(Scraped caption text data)
########################################

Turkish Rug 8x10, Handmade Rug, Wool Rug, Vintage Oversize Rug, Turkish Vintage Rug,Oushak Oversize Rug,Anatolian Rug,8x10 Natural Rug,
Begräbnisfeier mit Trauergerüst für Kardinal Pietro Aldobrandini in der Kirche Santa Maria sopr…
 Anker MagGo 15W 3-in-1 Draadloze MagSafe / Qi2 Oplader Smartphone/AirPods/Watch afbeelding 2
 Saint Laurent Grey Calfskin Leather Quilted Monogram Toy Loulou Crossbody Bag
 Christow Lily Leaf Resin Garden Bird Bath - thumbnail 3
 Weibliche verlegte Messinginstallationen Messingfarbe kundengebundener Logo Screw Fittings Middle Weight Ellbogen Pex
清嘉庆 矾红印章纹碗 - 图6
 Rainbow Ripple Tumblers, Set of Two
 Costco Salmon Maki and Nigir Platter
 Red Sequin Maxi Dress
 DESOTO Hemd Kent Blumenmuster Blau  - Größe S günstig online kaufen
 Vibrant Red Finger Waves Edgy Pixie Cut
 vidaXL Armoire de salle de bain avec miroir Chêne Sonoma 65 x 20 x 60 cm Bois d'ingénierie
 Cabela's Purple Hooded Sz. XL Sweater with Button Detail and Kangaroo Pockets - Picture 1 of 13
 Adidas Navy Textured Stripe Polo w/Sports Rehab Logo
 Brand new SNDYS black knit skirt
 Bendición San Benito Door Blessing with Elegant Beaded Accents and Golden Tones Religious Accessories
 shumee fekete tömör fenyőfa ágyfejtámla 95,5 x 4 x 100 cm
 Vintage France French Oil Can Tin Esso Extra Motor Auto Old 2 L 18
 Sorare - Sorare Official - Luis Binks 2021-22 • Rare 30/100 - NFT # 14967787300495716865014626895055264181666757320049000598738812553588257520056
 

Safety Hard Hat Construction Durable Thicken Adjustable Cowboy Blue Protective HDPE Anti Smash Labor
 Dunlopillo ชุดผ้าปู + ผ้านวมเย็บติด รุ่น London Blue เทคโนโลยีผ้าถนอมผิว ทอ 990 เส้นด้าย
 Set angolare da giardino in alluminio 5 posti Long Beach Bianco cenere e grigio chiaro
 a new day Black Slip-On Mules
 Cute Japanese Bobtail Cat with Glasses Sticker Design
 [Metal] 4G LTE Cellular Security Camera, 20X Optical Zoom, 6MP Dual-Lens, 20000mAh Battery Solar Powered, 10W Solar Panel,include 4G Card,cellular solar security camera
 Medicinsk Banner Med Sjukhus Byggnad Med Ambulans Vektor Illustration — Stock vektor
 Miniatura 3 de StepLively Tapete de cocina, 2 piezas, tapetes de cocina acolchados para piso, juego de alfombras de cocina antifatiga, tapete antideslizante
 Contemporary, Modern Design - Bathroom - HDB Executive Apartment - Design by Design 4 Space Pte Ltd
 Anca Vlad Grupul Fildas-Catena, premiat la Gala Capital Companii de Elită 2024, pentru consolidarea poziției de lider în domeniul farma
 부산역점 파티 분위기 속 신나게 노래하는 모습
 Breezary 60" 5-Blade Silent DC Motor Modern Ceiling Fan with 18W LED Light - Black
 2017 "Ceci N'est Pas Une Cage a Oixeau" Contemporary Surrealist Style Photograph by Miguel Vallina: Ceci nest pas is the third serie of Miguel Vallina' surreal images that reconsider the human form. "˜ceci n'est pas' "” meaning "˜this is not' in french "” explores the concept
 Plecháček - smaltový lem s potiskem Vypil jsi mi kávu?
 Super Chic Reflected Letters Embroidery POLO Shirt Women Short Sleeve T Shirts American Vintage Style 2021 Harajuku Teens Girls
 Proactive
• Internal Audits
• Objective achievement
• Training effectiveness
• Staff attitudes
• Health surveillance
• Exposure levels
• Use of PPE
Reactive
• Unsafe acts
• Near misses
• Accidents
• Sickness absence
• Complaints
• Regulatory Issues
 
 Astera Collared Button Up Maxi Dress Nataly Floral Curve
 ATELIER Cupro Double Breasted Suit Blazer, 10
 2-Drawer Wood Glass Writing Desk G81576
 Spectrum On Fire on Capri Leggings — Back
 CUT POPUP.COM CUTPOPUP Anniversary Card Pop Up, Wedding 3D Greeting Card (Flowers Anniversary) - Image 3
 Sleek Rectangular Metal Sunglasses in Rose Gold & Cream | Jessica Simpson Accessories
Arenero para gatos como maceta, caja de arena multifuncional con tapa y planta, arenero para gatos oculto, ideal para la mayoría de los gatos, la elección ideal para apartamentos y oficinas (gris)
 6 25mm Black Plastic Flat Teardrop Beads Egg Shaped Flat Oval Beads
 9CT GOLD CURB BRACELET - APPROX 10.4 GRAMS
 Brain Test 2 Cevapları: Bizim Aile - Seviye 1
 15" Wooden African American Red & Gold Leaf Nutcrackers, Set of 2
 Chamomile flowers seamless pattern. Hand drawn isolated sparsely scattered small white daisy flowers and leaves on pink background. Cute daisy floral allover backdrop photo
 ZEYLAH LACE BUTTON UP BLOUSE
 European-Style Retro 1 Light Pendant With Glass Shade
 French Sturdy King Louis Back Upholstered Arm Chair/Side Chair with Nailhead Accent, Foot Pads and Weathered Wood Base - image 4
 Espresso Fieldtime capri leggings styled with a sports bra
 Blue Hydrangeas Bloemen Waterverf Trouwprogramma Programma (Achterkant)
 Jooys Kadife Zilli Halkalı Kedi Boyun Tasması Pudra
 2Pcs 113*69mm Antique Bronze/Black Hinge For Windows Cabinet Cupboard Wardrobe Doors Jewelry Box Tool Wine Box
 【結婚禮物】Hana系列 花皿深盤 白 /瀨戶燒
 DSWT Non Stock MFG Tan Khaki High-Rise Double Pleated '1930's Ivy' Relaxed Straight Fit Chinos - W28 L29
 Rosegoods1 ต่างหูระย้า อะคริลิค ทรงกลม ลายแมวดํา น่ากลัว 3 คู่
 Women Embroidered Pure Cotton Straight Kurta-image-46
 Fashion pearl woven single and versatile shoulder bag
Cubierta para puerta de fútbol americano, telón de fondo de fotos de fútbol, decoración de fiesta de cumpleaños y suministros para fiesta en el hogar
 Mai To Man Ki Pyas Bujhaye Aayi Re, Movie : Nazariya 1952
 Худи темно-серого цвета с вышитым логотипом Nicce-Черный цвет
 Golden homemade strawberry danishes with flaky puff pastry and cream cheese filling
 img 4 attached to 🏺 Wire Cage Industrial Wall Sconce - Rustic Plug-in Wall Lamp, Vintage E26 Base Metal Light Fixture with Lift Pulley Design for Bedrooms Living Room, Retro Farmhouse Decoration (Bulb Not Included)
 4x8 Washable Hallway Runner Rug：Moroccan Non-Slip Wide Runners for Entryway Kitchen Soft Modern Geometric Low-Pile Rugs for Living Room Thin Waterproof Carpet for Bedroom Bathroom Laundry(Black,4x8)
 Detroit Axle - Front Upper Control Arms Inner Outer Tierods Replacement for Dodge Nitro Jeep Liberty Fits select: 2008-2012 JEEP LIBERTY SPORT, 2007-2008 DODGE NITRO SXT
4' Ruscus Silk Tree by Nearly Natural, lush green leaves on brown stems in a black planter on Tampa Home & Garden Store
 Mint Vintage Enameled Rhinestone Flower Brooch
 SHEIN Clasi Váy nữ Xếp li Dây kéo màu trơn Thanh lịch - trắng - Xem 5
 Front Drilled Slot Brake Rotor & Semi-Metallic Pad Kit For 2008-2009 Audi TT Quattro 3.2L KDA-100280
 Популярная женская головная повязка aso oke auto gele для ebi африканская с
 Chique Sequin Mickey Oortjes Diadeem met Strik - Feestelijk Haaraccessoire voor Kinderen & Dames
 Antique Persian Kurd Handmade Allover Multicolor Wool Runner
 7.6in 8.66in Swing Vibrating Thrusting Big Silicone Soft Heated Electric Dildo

########################################

* _Description of the task_: Reproduce exactly, and only, the lines from the start of the entries through the one that contains "Begräbnisfeier mit Trauergerüst".

* _Written reply_:
Turkish Rug 8x10, Handmade Rug, Wool Rug, Vintage Oversize Rug, Turkish Vintage Rug,Oushak Oversize Rug,Anatolian Rug,8x10 Natural Rug,
Begräbnisfeier mit Trauergerüst für Kardinal Pietro Aldobrandini in der Kirche Santa Maria sopr…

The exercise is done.